(di Filippo Bocci) – Chi si prendesse la briga di visitare il Museo di Roma in Trastevere, farebbe l’utile incontro con una giovanissima novantaquattrenne, Lisetta Carmi, fotografa, alla quale viene dedicata la prima esposizione pubblica a Roma, fino al 3 marzo 2019.
Personaggio dalla vicenda biografica straordinaria, classe 1924, genovese di origini ebraiche, frequenta le scuole e a dieci anni inizia lo studio del pianoforte. Riesce a dare gli esami al Conservatorio, ma le Leggi razziali e la caccia all’ebreo costringono la famiglia a riparare in Svizzera. Dopo la guerra intraprende l’attività di concertista e suona in Europa e in Israele.
Di grande temperamento e di profondo rigore intellettuale, si sente donna del suo tempo, viaggia a lungo – spesso in Israele, con il quale ha un rapporto conflittuale, odi et amo – ma soprattutto smette di colpo di suonare il pianoforte, mandando alle ortiche una promettente carriera concertistica. E così, nel 1960, scatta le sue prime fotografie, fedele solo a sé stessa e alle sue idee. Comincia la grande avventura di venticinque anni di immagini che la mostra romana, curata da Giovanni Battista Martini e strutturata in sezioni, racconta con ordine.
Osservando i lavori della Carmi
si ha sempre la sensazione di essere sul pezzo, al centro della storia, e di cogliere ogni volta il non detto al di là dell’obiettivo.
A cominciare dagli intensi, persino spietati, dodici scatti al poeta statunitense Ezra Pound, che lo sorprendono come denudato nella tristezza, e che le valsero il Premio Niépce per l’Italia, strappando l’elogio convinto di Umberto Eco membro della giuria.
Poi c’è l’amata Genova, documentata soprattutto attraverso le difficili condizioni lavorative degli operai portuali, i cosiddetti “camalli”, o l’originale, anticonformistica lettura dei monumenti funebri borghesi del Cimitero monumentale di Staglieno.

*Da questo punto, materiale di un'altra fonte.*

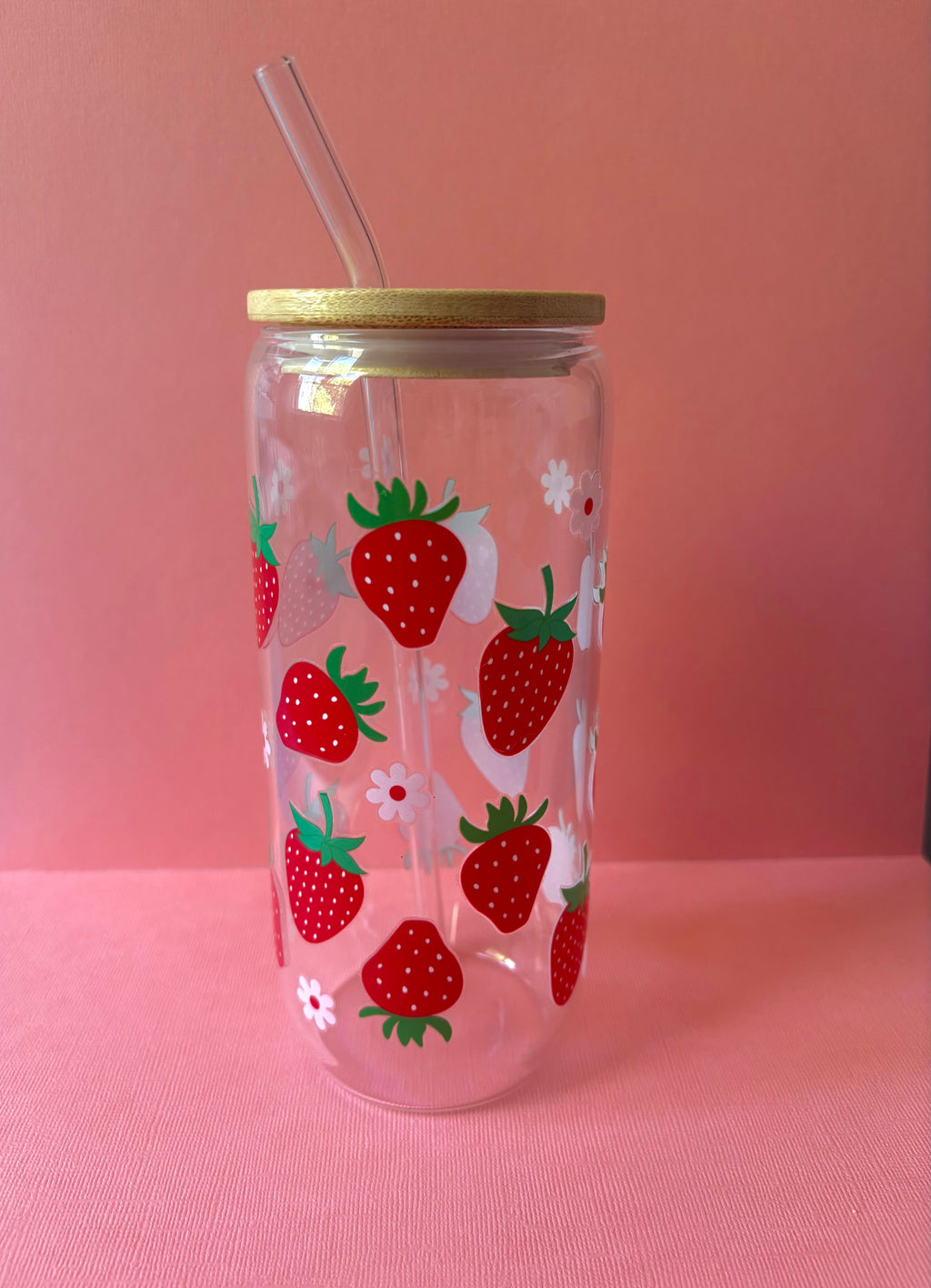 Strawberry Coffee Glass with Bamboo Lid & Glass Straw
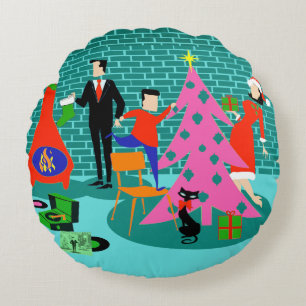 クリスマスツリーの円形の枕を整えるレトロ ラウンドクッション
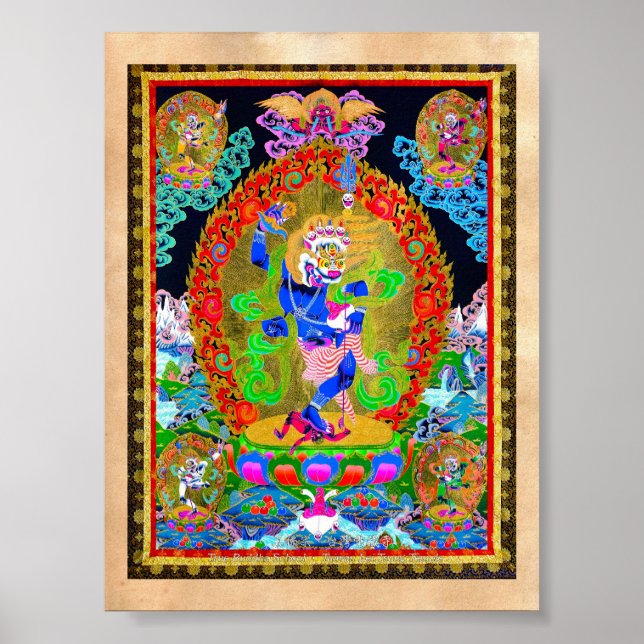 Simhavaktra Dakini, coole Thangka Poster (Vorne)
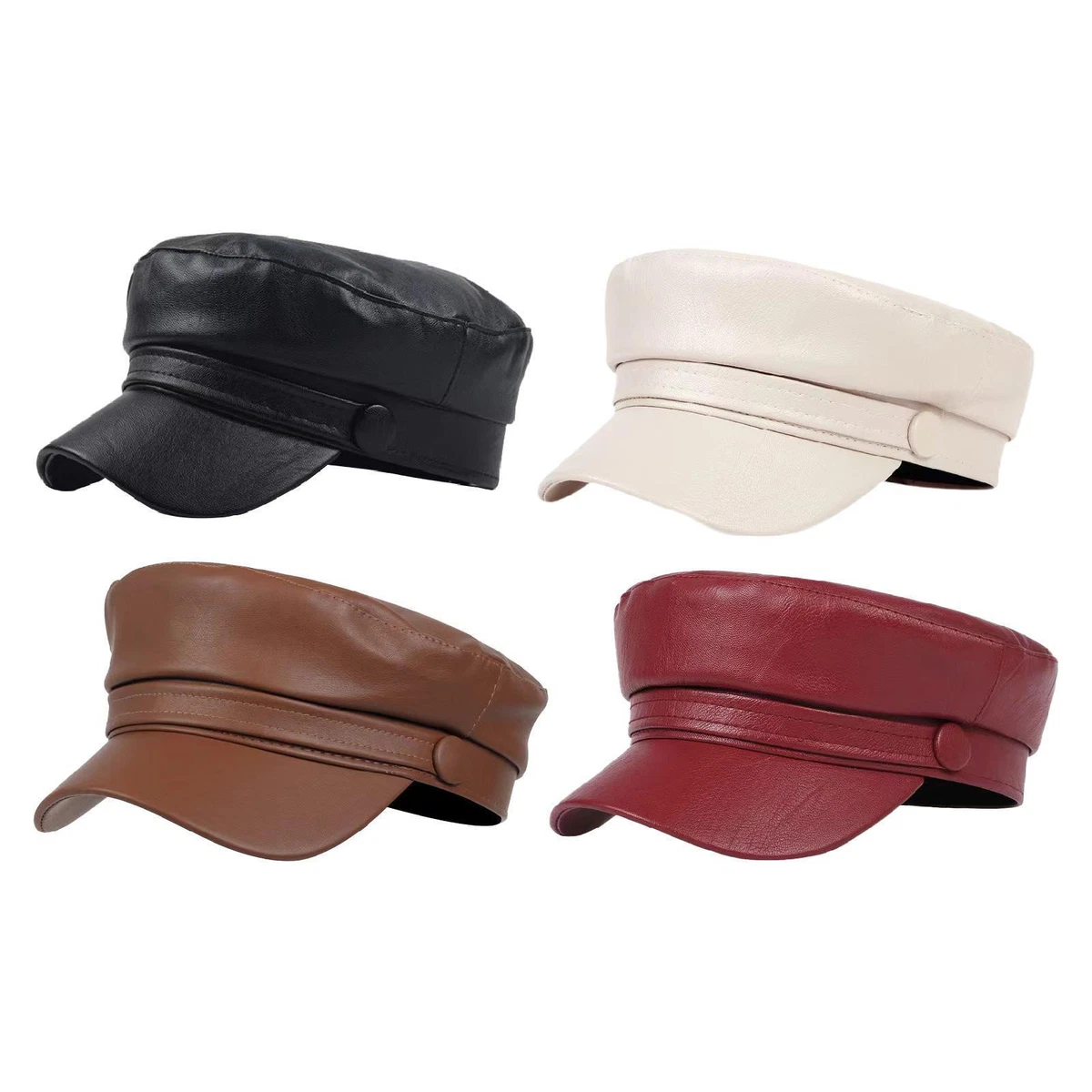 Cappello berretto in pelle PU vintage donna autunno inverno caldo berretto ottagonale elegante berretto da ptore da donna in tinta una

C’è la Sicilia e i suoi abitanti, raccontata nell’anima insieme ai testi di Leonardo Sciascia. Da ogni fotogramma dei suoi viaggi trasuda umanità, che sia l’India, l’Afghanistan, il Messico o Israele, la Colombia o il Venezuela.

Significativo poi il libro Métropolitain del 1965, realizzato da Lisetta Carmi in un’unica copia, dove immagini originali della metropolitana di Parigi sono collegate a pagine dei racconti di Istantanés di Alain Robbe-Grillet.

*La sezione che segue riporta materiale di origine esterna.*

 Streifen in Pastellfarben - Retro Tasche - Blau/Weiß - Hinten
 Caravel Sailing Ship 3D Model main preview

La sua ricerca fotografica ha toccato anche l’espressione artistica del teatro e della musica. Troviamo così esposte nella mostra le foto di scena di un Aspettando Godot del 1964, al Duse di Genova per la regia di Carlo Quartucci, o ancora i ritratti di Claudio Abbado, Luigi Nono, Zoltán Kodály, fino ad arrivare alla collaborazione con Luigi Dallapiccola e al Quaderno Musicale di Annalibera del 1962, stampato e rilegato personalmente in poche versioni. E la musica sarà il demone che continuerà ad agitarla, se è vero che negli anni ’90 riprenderà a suonare il pianoforte.

Nel 1968 scatta delle formidabili foto di un parto, per un lavoro commissionato dal Comune di Genova. Quanta bellezza e quanta forza nel raccontare la purezza della natura umana!
Ma forse la narrazione più potente è quella dei “Travestiti”, ancora nella sua Genova: la Carmi intreccia con loro un profondo rapporto di amicizia, e li svela nella quotidianità, con i suoi scatti, lungo sei anni della loro vita. Quelle immagini vennero pubblicate nel 1972 in un libro che suscitò grande scandalo e fu rifiutato addirittura dalle librerie.

Come tutta la vera arte, l’opera di Lisetta Carmi è strumento di conoscenza. Nella lunga intervista video a corredo della mostra, è infatti proprio lei a ricordare che la fotografia le ha permesso di conoscere e liberare sé stessa:
“Fotografando i travestiti ho capito che non esistono gli uomini o le donne: esistono solo gli esseri umani”.
È la lezione più bella di una grande donna.